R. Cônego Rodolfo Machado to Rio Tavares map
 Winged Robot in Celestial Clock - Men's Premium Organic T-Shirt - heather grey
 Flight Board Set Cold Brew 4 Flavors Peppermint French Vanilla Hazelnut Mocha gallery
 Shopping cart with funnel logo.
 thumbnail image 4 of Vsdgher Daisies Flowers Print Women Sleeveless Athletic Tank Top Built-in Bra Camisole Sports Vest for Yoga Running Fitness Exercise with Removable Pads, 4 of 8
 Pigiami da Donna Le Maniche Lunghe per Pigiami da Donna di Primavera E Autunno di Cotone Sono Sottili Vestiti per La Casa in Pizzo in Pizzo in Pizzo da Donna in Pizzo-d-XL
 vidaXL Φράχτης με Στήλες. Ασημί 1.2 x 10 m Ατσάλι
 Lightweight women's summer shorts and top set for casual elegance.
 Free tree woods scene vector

*WHAT THE TASK REQUIRES*: The records above must be retyped in full, exactly as written.

*ANSWER BELOW*:
R. Cônego Rodolfo Machado to Rio Tavares map
 Winged Robot in Celestial Clock - Men's Premium Organic T-Shirt - heather grey
 Flight Board Set Cold Brew 4 Flavors Peppermint French Vanilla Hazelnut Mocha gallery
 Shopping cart with funnel logo.
 thumbnail image 4 of Vsdgher Daisies Flowers Print Women Sleeveless Athletic Tank Top Built-in Bra Camisole Sports Vest for Yoga Running Fitness Exercise with Removable Pads, 4 of 8
 Pigiami da Donna Le Maniche Lunghe per Pigiami da Donna di Primavera E Autunno di Cotone Sono Sottili Vestiti per La Casa in Pizzo in Pizzo in Pizzo da Donna in Pizzo-d-XL
 vidaXL Φράχτης με Στήλες. Ασημί 1.2 x 10 m Ατσάλι
 Lightweight women's summer shorts and top set for casual elegance.
 Free tree woods scene vector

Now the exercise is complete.